Since the circumstances which triggered the sealing in the warrant in the first place have changed, the Prosecution and the Registry agreed that ‘the unsealing of the warrant of arrest for Bosco Ntaganda will not endanger the witnesses of the DRC cases’ and that this was the ‘right moment’ to make it public.
According to the ICC, Bosco Ntaganda, a former Deputy Chief of General Staff for Military Operations of the Forces Patriotiques Pour la Liberation du Congo (FPLC) or the Patriotic Front for the Liberation of the Congo, had full knowledge and authority of many FPLC training camps where these children received the training and then forced to participate in the warfare.

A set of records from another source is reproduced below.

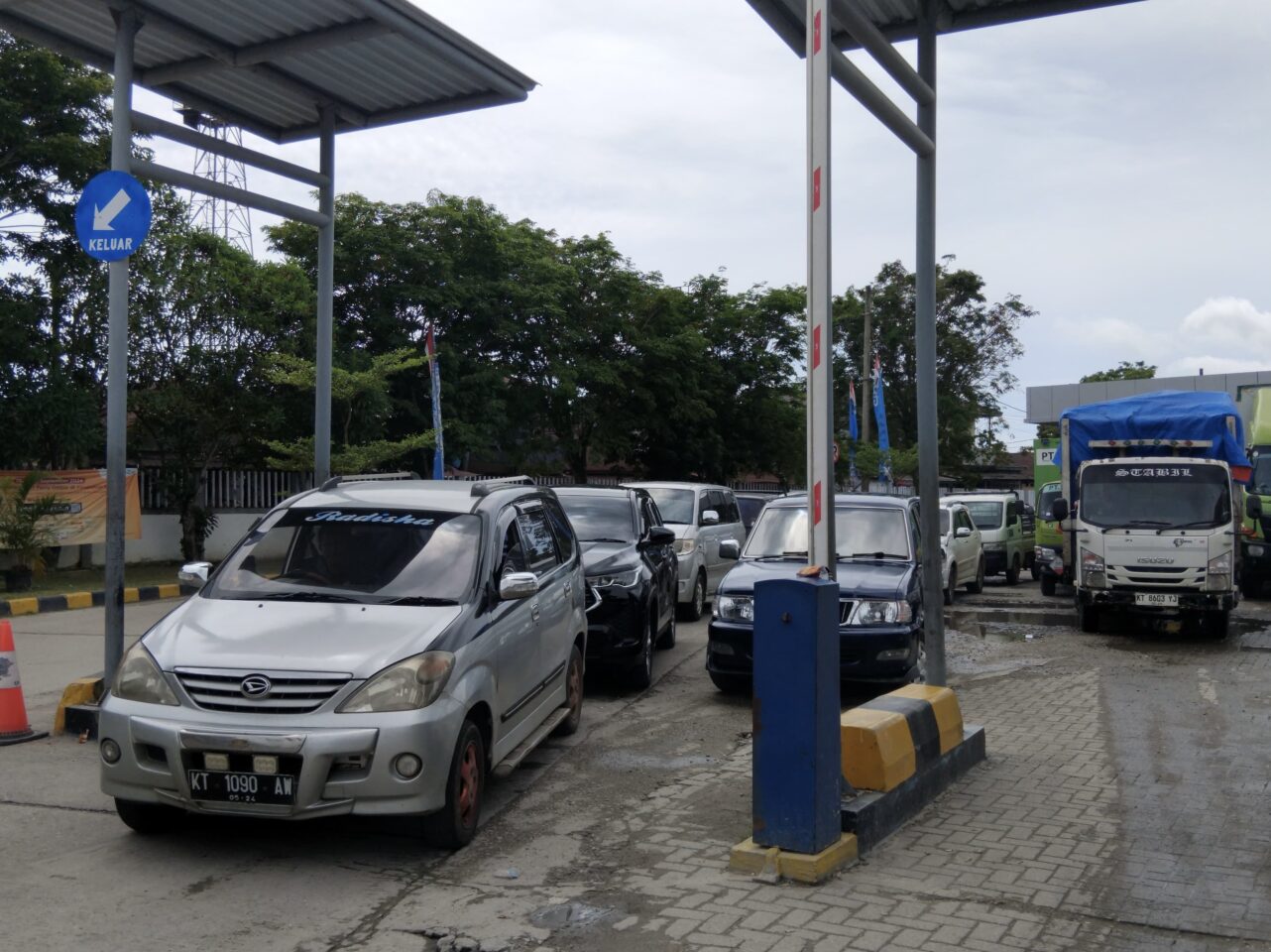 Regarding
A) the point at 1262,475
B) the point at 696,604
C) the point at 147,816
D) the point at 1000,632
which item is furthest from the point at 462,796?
the point at 1262,475

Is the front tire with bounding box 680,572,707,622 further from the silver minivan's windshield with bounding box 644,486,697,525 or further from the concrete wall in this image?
the concrete wall

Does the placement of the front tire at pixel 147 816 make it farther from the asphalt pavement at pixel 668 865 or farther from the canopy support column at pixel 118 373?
the canopy support column at pixel 118 373

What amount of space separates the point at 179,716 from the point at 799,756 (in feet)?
9.28

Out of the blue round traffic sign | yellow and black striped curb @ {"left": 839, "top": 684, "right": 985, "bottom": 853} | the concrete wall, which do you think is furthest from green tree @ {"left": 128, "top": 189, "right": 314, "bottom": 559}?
yellow and black striped curb @ {"left": 839, "top": 684, "right": 985, "bottom": 853}

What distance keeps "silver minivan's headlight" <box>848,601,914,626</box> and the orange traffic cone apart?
6.09 m

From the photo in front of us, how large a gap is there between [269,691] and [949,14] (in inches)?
247

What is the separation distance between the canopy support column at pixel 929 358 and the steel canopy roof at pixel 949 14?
140 mm

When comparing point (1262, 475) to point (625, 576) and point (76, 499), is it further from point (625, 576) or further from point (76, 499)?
point (76, 499)

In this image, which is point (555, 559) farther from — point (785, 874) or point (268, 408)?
point (268, 408)

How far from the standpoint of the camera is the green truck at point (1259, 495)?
19.1 m

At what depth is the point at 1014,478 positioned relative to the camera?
235 feet

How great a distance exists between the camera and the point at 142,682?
18.7 feet

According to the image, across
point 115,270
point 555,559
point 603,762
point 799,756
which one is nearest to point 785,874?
point 799,756

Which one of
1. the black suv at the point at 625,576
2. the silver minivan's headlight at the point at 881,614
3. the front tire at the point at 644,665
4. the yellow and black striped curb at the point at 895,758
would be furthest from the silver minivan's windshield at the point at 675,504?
the yellow and black striped curb at the point at 895,758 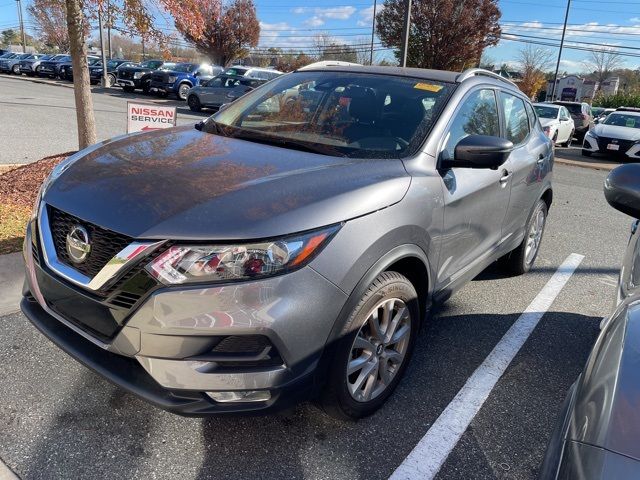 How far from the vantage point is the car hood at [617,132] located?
1466 centimetres

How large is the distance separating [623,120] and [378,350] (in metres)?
16.9

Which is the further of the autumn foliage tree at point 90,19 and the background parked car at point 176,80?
the background parked car at point 176,80

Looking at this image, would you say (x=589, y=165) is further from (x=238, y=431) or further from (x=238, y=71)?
(x=238, y=431)

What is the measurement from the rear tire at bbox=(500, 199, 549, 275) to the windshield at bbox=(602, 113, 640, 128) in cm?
1338

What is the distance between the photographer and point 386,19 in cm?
2831

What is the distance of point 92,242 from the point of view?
82.7 inches

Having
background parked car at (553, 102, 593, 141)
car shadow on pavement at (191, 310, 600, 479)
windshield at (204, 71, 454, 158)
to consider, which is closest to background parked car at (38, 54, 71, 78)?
background parked car at (553, 102, 593, 141)

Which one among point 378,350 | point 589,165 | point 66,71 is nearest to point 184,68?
point 66,71

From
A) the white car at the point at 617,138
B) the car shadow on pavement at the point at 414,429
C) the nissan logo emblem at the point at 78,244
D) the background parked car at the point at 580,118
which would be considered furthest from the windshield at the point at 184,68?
the nissan logo emblem at the point at 78,244

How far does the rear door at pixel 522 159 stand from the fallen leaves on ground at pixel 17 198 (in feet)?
13.1

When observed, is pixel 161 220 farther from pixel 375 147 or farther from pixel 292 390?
pixel 375 147

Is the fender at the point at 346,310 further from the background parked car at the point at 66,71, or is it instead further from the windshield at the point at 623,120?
the background parked car at the point at 66,71

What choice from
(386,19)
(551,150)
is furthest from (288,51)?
(551,150)

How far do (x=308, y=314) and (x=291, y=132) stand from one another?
146 cm
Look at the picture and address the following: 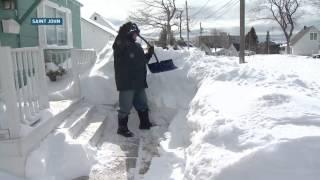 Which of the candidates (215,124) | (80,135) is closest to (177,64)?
(80,135)

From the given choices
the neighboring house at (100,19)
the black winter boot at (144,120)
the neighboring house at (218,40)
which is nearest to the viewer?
the black winter boot at (144,120)

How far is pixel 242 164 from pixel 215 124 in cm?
93

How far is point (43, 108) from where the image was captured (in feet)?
17.9

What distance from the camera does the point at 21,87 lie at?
15.5 ft

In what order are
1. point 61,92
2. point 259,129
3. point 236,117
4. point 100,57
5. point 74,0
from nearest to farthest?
1. point 259,129
2. point 236,117
3. point 61,92
4. point 100,57
5. point 74,0

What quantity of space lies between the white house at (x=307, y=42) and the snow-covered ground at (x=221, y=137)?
7424 cm

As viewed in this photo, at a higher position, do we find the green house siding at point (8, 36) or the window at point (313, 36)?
the window at point (313, 36)

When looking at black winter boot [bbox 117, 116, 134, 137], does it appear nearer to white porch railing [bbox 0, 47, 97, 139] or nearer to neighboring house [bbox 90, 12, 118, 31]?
white porch railing [bbox 0, 47, 97, 139]

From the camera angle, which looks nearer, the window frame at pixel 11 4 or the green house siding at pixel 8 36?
the green house siding at pixel 8 36

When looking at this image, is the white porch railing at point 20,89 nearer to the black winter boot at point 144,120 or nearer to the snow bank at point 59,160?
the snow bank at point 59,160

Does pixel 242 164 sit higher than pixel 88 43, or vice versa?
pixel 88 43

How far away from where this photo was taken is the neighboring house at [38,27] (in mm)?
8805

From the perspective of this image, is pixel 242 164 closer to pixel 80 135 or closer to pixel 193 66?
pixel 80 135

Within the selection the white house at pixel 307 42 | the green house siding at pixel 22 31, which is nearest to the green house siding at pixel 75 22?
the green house siding at pixel 22 31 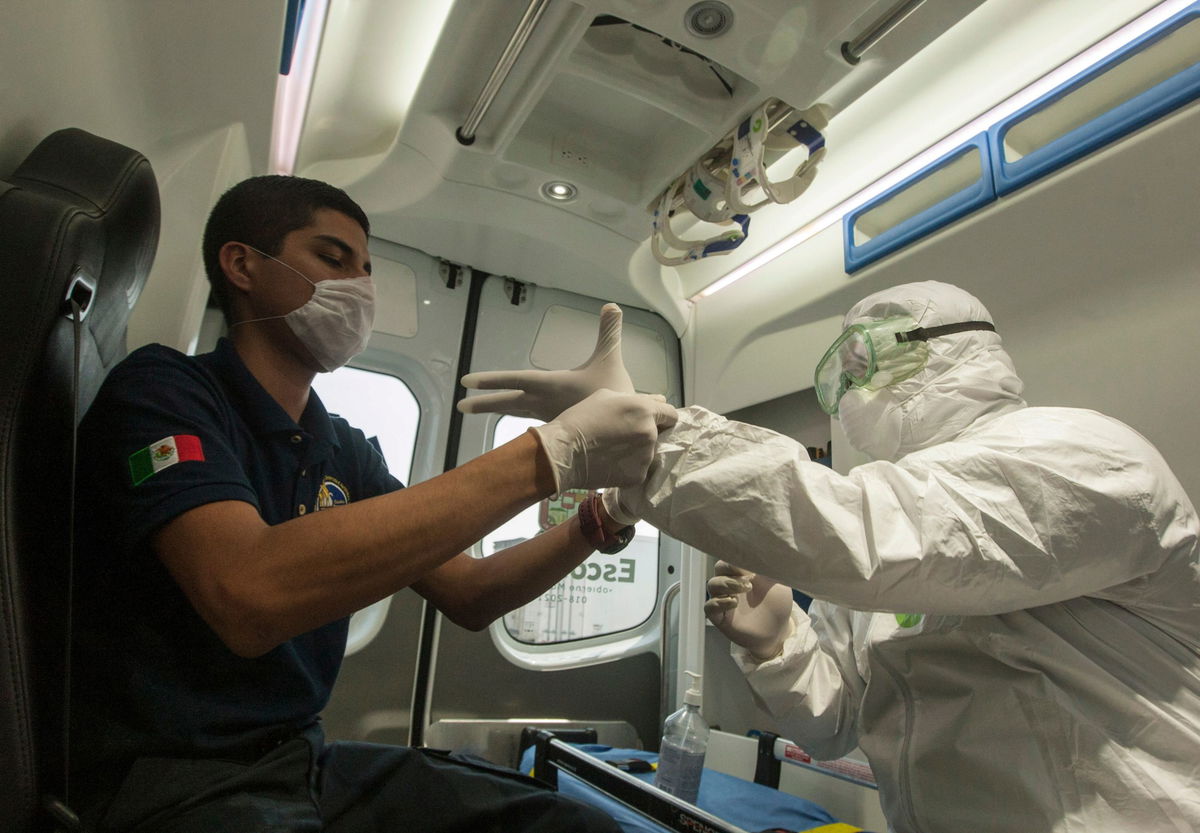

The FPLC fought against other militia groups in the Ituri region of the Democratic republic of Congo for a period of four years, from 1999 to 2003 over control of natural resources which had claimed for than 50,000 lives and many other displaced.
Former FPLC Commander-in-Chief and UPC founder and leader Thomas Lubanga Dyilo is in custody in the Hague where his trial is scheduled to start on 23 June 2008 along with Germain Katanga and Mathieu Ndgudjolo. More warrant for arrest against Congolese who has committed war crimes are likely to be issued.